In order to determine whether the procedures available to New Jersey prison inmates to vindicate acknowledged tort rights against the state and state officials are constitutionally adequate, it is necessary to weigh all of the interests involved. See Logan, supra, at -- , 102 S. Ct. at 1157. Plaintiff's interest, of course, is quite substantial. As a prison inmate, his personal property holdings are necessarily quite limited. His interest in retaining possession of his personal property, therefore, or obtaining its value if lost, is of no small moment to him even if it might seem relatively trivial to one not incarcerated.
The deprivation effected by N.J.S.A. 59:5-3 is not, like the deprivation effected by the 120-day limitation provision in Logan, final in all cases. A prison inmate who has a relatively short sentence may regain his right of action in a reasonable amount of time and successfully litigate a damages action. In plaintiff's case, however, as in the case of many other prison inmates suffering long-term or life sentences, the bar to suit imposed by N.J.S.A. 59:5-3 is, for all intents and purposes, a final one. Even if such a prison inmate does obtain release from confinement prior to death, he probably will not be able, as a practical matter, to marshall the witnesses and evidence necessary to prove his case and will thereby lose his cause of action de facto.

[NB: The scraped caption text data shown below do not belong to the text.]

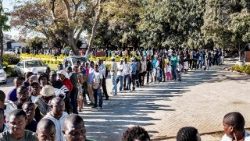 zimbabwe-vote-elections-1532939070878.jpg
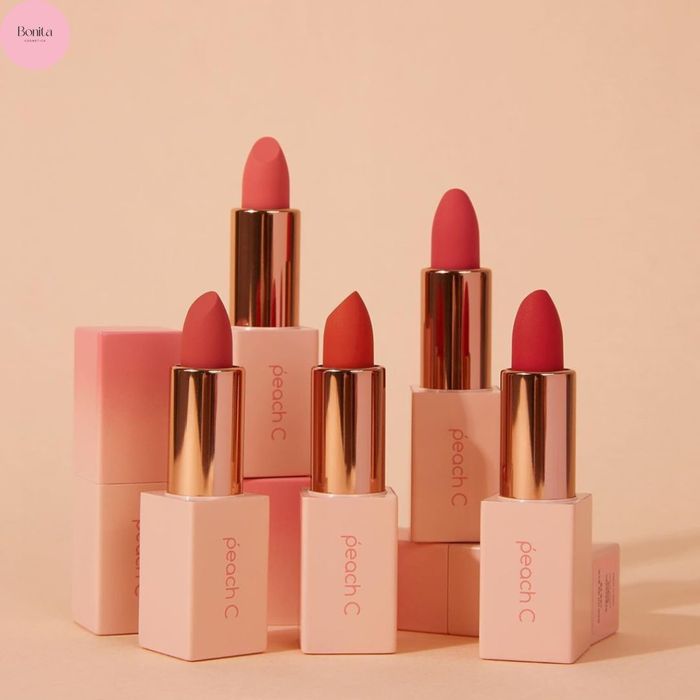 Không gian mua sắm sang trọng tại Bonita Cosmetic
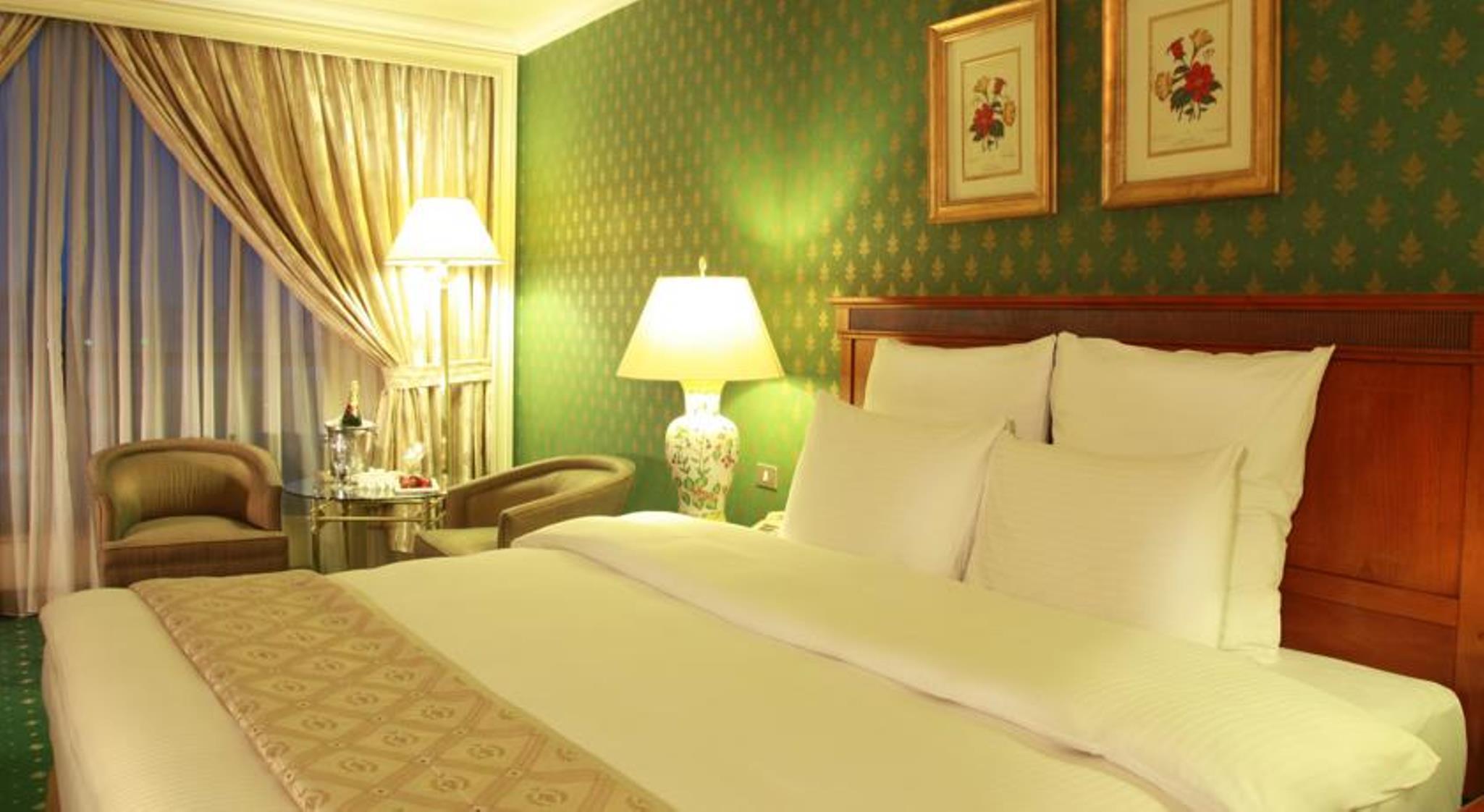 ホテル リージェンシー パレス アンマン エクステリア 写真 A bedroom at the hotel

For many of the same reasons, it is clear that the procedural hurdle created by N.J.S.A. 59:5-3, like the 120-day limitation provision in Logan, creates "an unjustifiably high risk that meritorious claims will be terminated." Id. at -- , 102 S. Ct. at 1157; see also Mathews v. Eldridge, supra, 424 U.S. at 335, 96 S. Ct. at 903. During the time lag between the accrual of a prisoner's cause of action and the time when he is released from prison and can commence his action, it is quite likely that key witnesses will die or become unavailable; that documentary evidence will be mislaid or destroyed; or that the defendant or defendants allegedly responsible for the injury will no longer be locatable. Hence, even if plaintiff is able to assert his cause of action eventually, the time delay occasioned by N.J.S.A. 59:5-3 will substantially enhance the likelihood of an erroneous decision.
The public interest served by prohibiting prisoners from filing suits against prison officials until release from confinement is not, for the reasons stated in the previous section of this opinion, particularly strong. The ostensible purposes of the statute are to promote "prison harmony," to discourage "frivolous lawsuits" and to prevent prisoners from enjoying an "outing in court." Whether the statute rationally furthers these aims, however, is open to question. Furthermore, to the extent that the bar on prisoner suits dilutes the deterrent effect of state negligence law and promotes official carelessness, the public interest is obviously disserved.
Weighing these interests, I conclude that the effect of N.J.S.A. 59:5-3 is to deny New Jersey prison inmates the minimally adequate procedures to which they are entitled under the Constitution for the vindication of their state-created right to sue the state and state officials for the negligent infliction of injuries to person or property. The states may or may not be required under the federal Constitution to provide tort remedies against state officials. Once they create such rights of action, however, they must provide for a "hearing appropriate to the nature of the case ... at a meaningful time and in a meaningful manner." Logan, supra, at -- , 102 S. Ct. at 1159. Here, as in the Logan case, the state has created an "established procedure" which "destroys (plaintiff's) entitlement without according him proper procedural safeguards." Id. at -- , 102 S. Ct. at 1158.
5. Summary and Conclusion
For the reasons advanced in this opinion, I conclude that plaintiff is entitled, on the undisputed facts, to judgment as a matter of law with respect to his claim that N.J.S.A. 59:5-3 violates the Fourteenth Amendment of the Constitution. I shall therefore issue a declaratory judgment, pursuant to 28 U.S.C. § 2201, to this effect. Any further remedies to which plaintiff may be entitled by virtue of this decision must await further proceedings.
The Court will enter its own order implementing the rulings of this opinion. Should defendants wish to have prompt appellate review of this determination, I would entertain an application under 28 U.S.C. § 1292(b). See Liberty Mutual Insurance Co. v. Wetzel, 424 U.S. 737, 96 S. Ct. 1202, 47 L. Ed. 2d 435 (1976).